Emma is a virtual assistant on the USCIS website, and a form of artificial intelligence. Visitors to the website get a quick hello from Emma in a dialogue box on the screen. Users can type in English or Spanish — she’s also programmed to decipher spelling errors and some slang — to get answers or shortcuts to online resources.

“Immigration is very complex, and so we wanted to provide a way where customers can get access to information 24-hours a day,” said Vashon Citizen, project manager for Emma. “So access is always available as well as, because our customers are all over the world, they speak different languages, we wanted a way where customers could get answers but they use their own ‘natural language,’ they could speak in their own words, they don’t need to know government speak.”

The team behind the Emma program said they hope to continue to improve the design and accessibility of AI. That includes adding more popular questions and reducing the number of “I don’t know” responses for the English and Spanish versions of Emma.

“Right now, the focus is we want customers to walk away feeling it was a good experience,” Citizen said. “The key to that is content, knowledge base, and having her be able to understand as many questions as possible to provide good, accurate responses.”

That knowledge base is built over time by collecting feedback, and then the teams behind Emma learn and apply it to the program.

Citizen’s team, along with the USCIS Office of Communications, Verizon and its subcontractor Next IT — the Washington-based company that built the Emma program — have weekly meetings to improve the quality of information provided to Emma.

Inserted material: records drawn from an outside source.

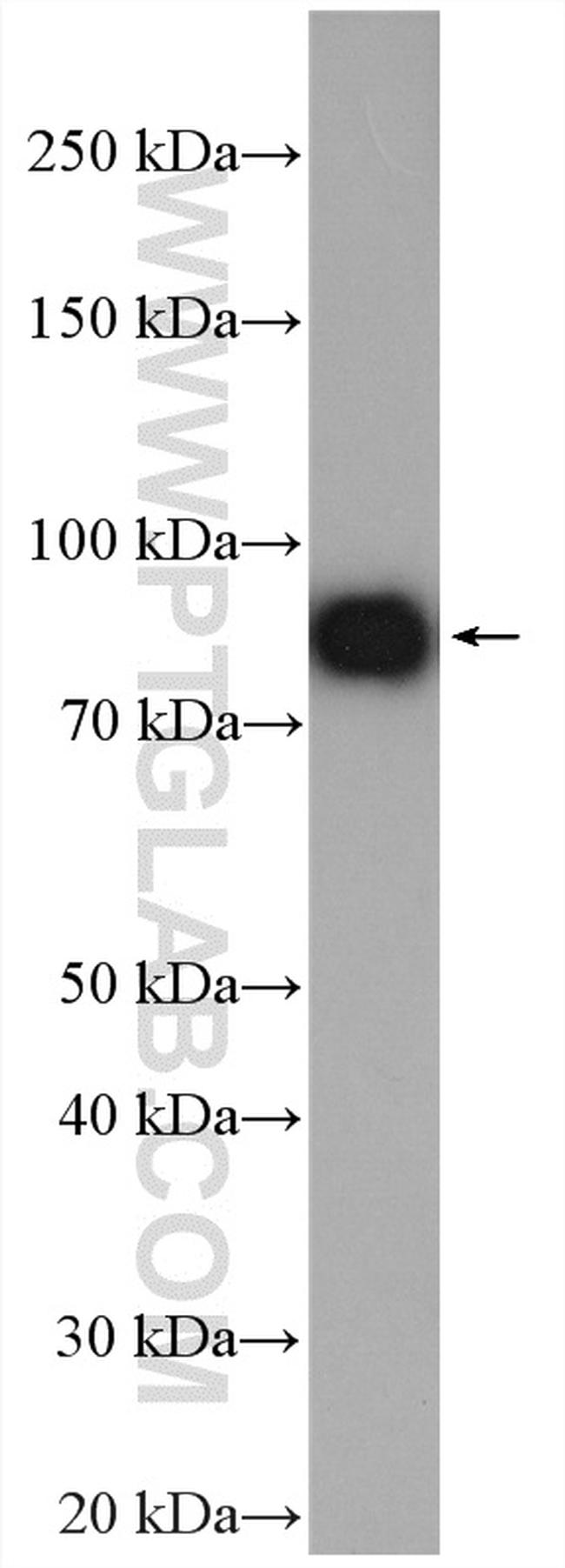 KCNJ1 Antibody in Western Blot (WB)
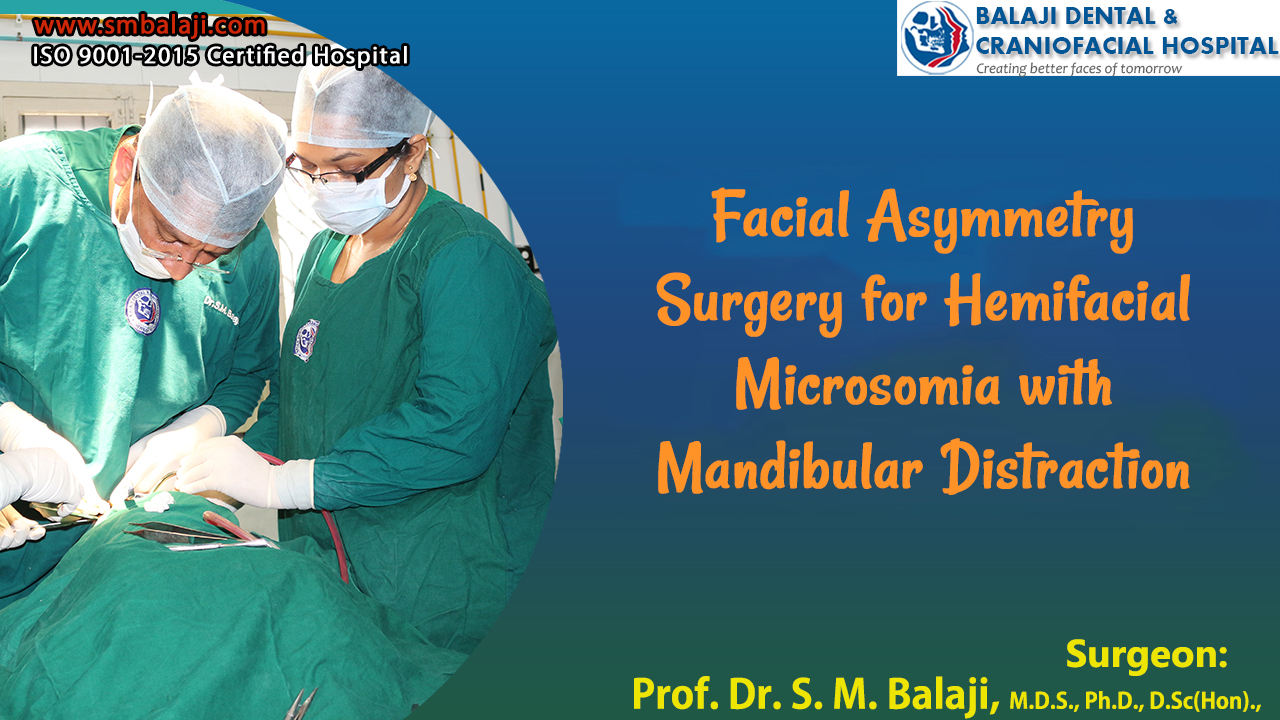 Facial Asymmetry Surgery for Hemifacial Microsomia with Mandibular Distraction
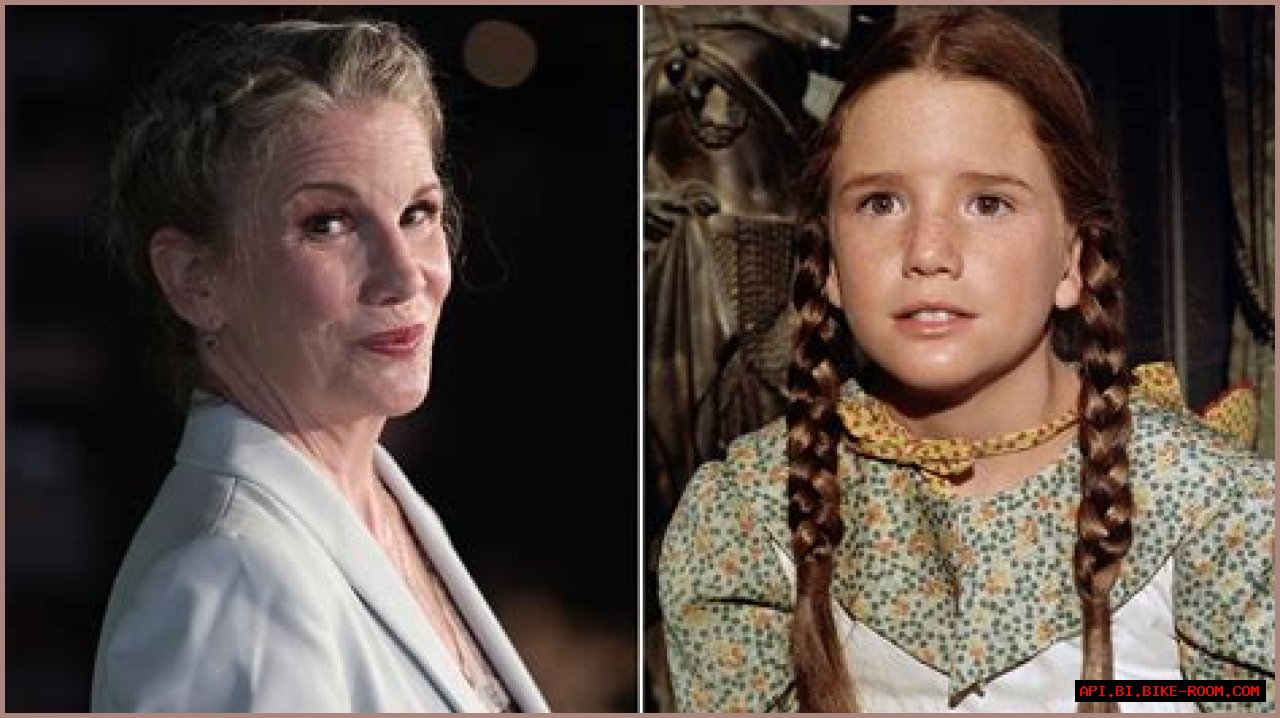 Unveiling Melissa Gilbert's Plastic Surgery Journey: Discoveries And Insights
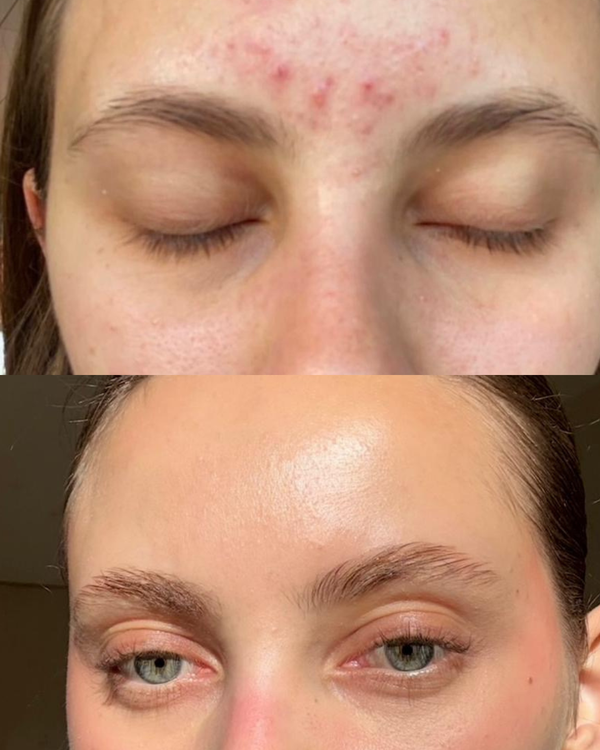 Clear Skin Komplett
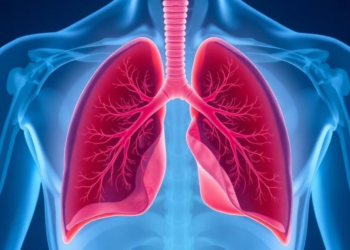 Simple Positioning Change After Lung Biopsy Linked to Fewer Collapsed Lungs in Retrospective Study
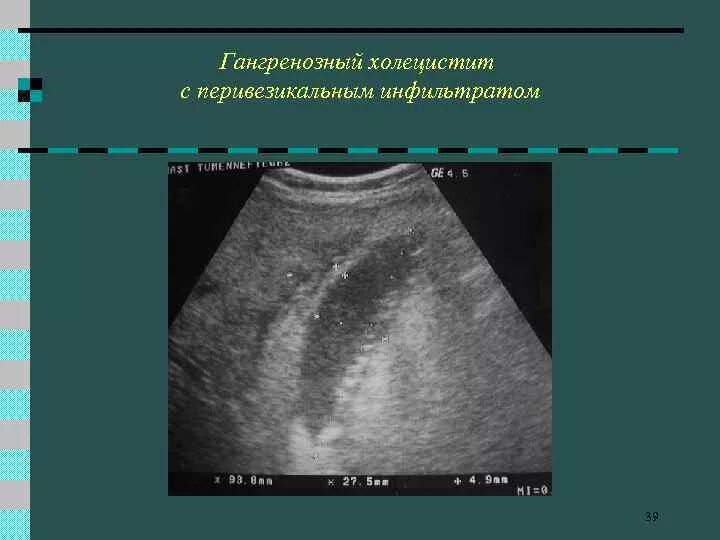 Острый калькулезный холецистит узи. Острый гангренозный калькулезный. Калькулезный холецистит макропрепарат. Жкб, флегмонозный калькулезный холецистит. Острый калькулезный холецистит.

“Prior to the meeting, our content analysts analyze a statistical sample of customer questions and Emma’s responses using a sophisticated suite of tools,” Citizen said. “The results of the analysis are discussed during the meeting with our team of subject matter experts and developers, to identify content areas that need improvement.  We focus on Emma responses that need to be strengthened and new topics that Emma currently does not support.”

Striking a balance

Virtual assistants can ease the burden for a workforce, which is why these “chatbots” are seeing an explosion of development interest in both industry and government for specific use cases, said Rick Collins, president of enterprise for Next IT.

“Definitely government is recognizing how with a move toward self help, within websites and other channels and things like that, the most effective way to deal with self help is through conversational interface,” Collins said.

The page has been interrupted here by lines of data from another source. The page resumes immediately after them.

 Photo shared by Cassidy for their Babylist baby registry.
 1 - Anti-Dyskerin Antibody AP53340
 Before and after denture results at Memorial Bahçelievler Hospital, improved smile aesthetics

As any market or technology matures, Collins said, “You look for a place where you can strike balance.”

Collins said when government and private clients approach Next IT, they bring a problem statement, which often is about more effectively engaging and supporting both customers and employees.

“I think with the awareness of artificial intelligence, machine learning and Siri and Google now, and all the rest, there is a rise in expectation around having access to a conversational approach or a conversational agent,” Collins said. “So some customers are saying hey, our customers are asking for these things, so where do we get started?”

Jen Snell, vice president at Next IT, said traditional channels like call centers, are not what people want, and it’s more about connecting with customers over multiple channels to better serve them.

There’s always going to be people who are defensive or afraid about a new technology and what it means for their job, Snell said, but new technology means an evolution of different and more exciting jobs.

“I think the government — a lot like in the private sector — is going through a digital transformation,” Snell said. “There is also the opportunity within the workforce for optimizing and augmenting how employees can work, and work more effectively.”